* Exercise details *
Please, could you print all the lines below exactly, leaving out the pictures?

* Data extract *
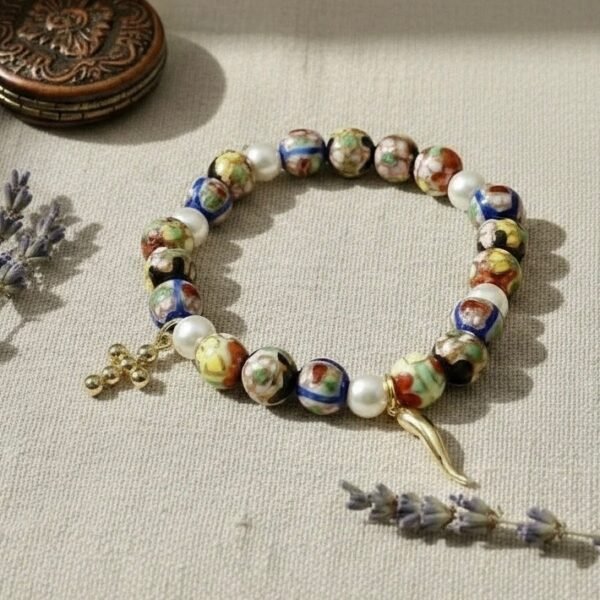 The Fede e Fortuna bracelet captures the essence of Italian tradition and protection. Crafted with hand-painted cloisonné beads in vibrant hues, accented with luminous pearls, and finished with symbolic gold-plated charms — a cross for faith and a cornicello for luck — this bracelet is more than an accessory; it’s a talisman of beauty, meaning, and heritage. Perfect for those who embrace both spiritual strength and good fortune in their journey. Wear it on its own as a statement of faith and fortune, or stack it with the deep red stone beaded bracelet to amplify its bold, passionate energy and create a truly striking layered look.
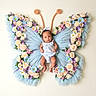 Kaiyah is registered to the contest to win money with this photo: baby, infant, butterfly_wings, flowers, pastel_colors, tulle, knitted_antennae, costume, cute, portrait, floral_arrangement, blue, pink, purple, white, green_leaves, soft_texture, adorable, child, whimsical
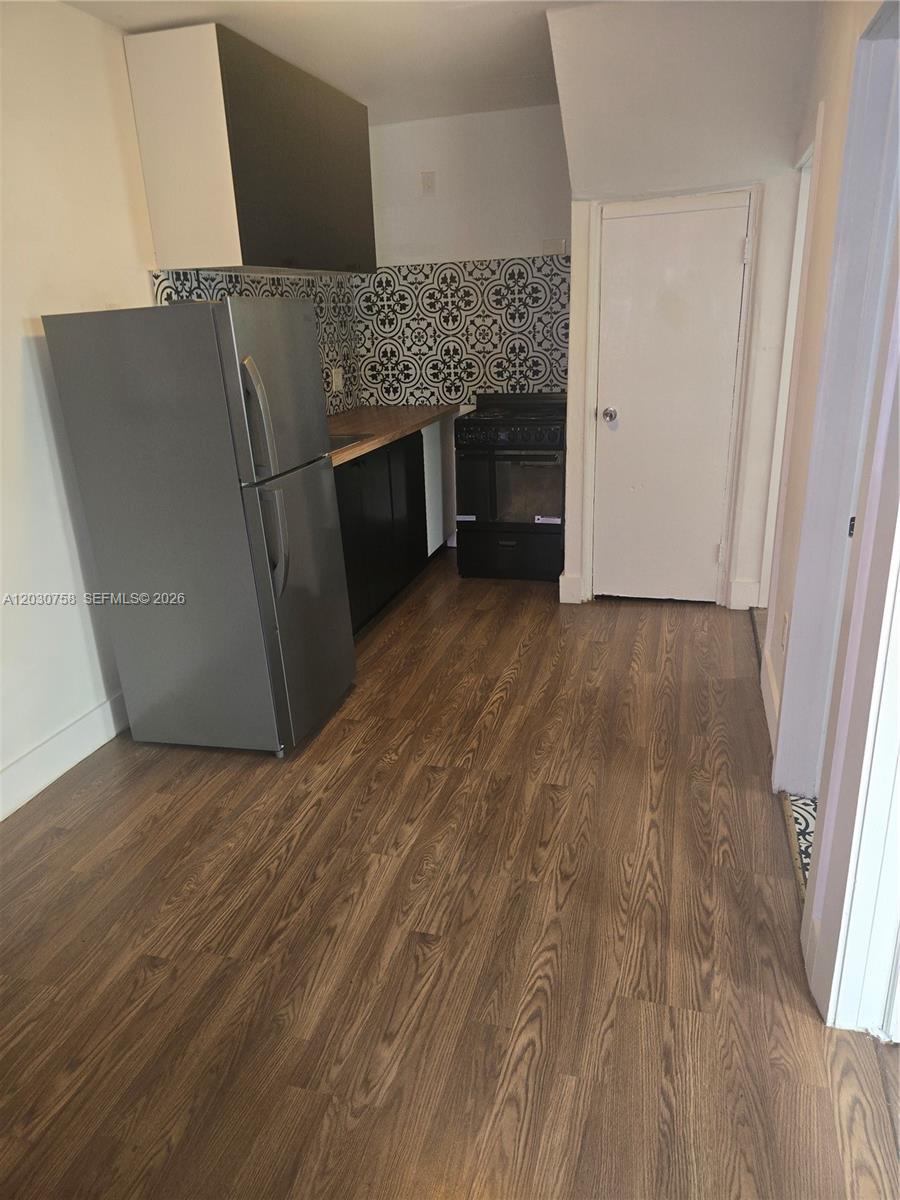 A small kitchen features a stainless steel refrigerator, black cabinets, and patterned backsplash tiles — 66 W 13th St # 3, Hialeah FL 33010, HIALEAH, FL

* Completed task *
 The Fede e Fortuna bracelet captures the essence of Italian tradition and protection. Crafted with hand-painted cloisonné beads in vibrant hues, accented with luminous pearls, and finished with symbolic gold-plated charms — a cross for faith and a cornicello for luck — this bracelet is more than an accessory; it’s a talisman of beauty, meaning, and heritage. Perfect for those who embrace both spiritual strength and good fortune in their journey. Wear it on its own as a statement of faith and fortune, or stack it with the deep red stone beaded bracelet to amplify its bold, passionate energy and create a truly striking layered look.
 Kaiyah is registered to the contest to win money with this photo: baby, infant, butterfly_wings, flowers, pastel_colors, tulle, knitted_antennae, costume, cute, portrait, floral_arrangement, blue, pink, purple, white, green_leaves, soft_texture, adorable, child, whimsical
 A small kitchen features a stainless steel refrigerator, black cabinets, and patterned backsplash tiles — 66 W 13th St # 3, Hialeah FL 33010, HIALEAH, FL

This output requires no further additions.